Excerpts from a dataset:
+ + +

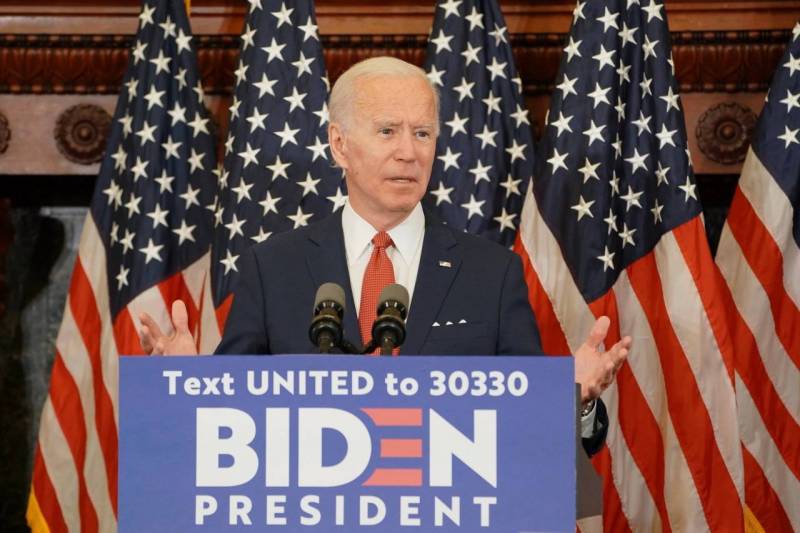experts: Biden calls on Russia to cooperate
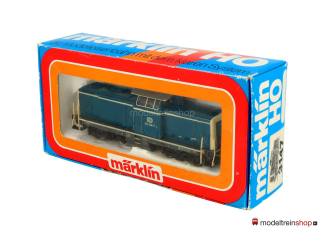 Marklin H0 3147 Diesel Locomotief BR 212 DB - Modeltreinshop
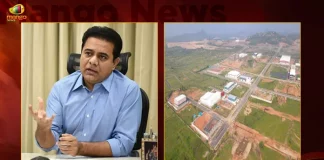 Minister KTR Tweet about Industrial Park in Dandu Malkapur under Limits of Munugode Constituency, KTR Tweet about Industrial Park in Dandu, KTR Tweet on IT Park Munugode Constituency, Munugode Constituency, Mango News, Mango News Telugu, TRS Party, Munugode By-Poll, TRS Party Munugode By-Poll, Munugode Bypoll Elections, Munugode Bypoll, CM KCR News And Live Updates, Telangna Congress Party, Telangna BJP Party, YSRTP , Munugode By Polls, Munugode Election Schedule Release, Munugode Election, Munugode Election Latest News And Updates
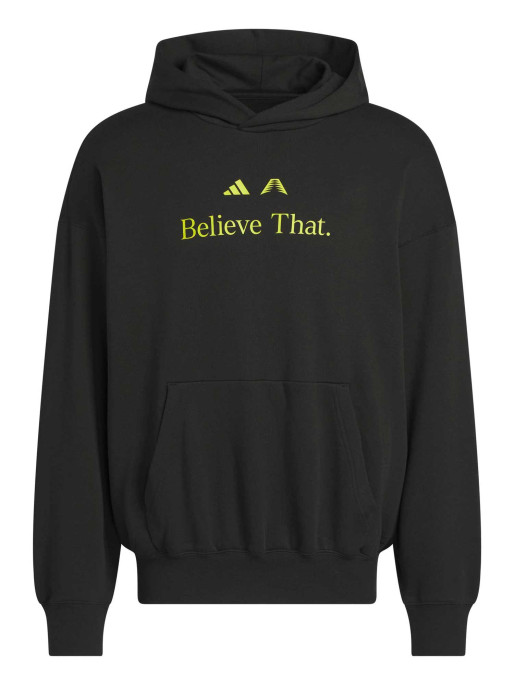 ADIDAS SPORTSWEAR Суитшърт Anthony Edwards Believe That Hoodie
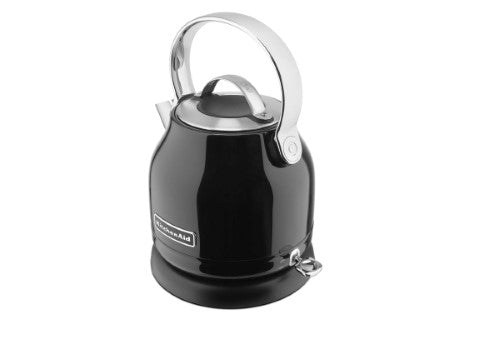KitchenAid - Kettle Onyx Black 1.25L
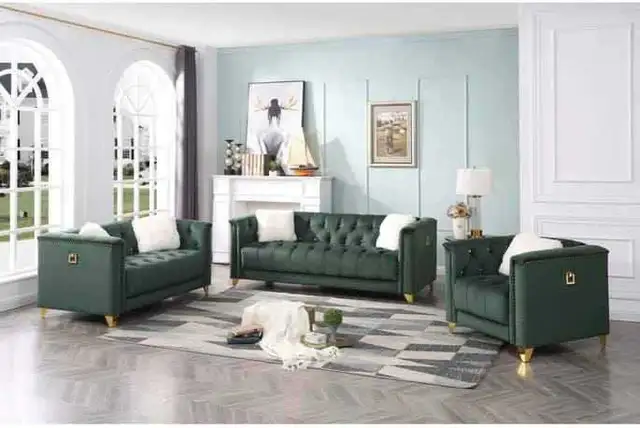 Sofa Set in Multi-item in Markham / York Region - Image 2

+ + +

## PROBLEM TO WORK ON
Although the records contain pictures, transcribe only their text, exactly as written.

## TASK OUTPUT
experts: Biden calls on Russia to cooperate
 Marklin H0 3147 Diesel Locomotief BR 212 DB - Modeltreinshop
 Minister KTR Tweet about Industrial Park in Dandu Malkapur under Limits of Munugode Constituency, KTR Tweet about Industrial Park in Dandu, KTR Tweet on IT Park Munugode Constituency, Munugode Constituency, Mango News, Mango News Telugu, TRS Party, Munugode By-Poll, TRS Party Munugode By-Poll, Munugode Bypoll Elections, Munugode Bypoll, CM KCR News And Live Updates, Telangna Congress Party, Telangna BJP Party, YSRTP , Munugode By Polls, Munugode Election Schedule Release, Munugode Election, Munugode Election Latest News And Updates
 ADIDAS SPORTSWEAR Суитшърт Anthony Edwards Believe That Hoodie
KitchenAid - Kettle Onyx Black 1.25L
 Sofa Set in Multi-item in Markham / York Region - Image 2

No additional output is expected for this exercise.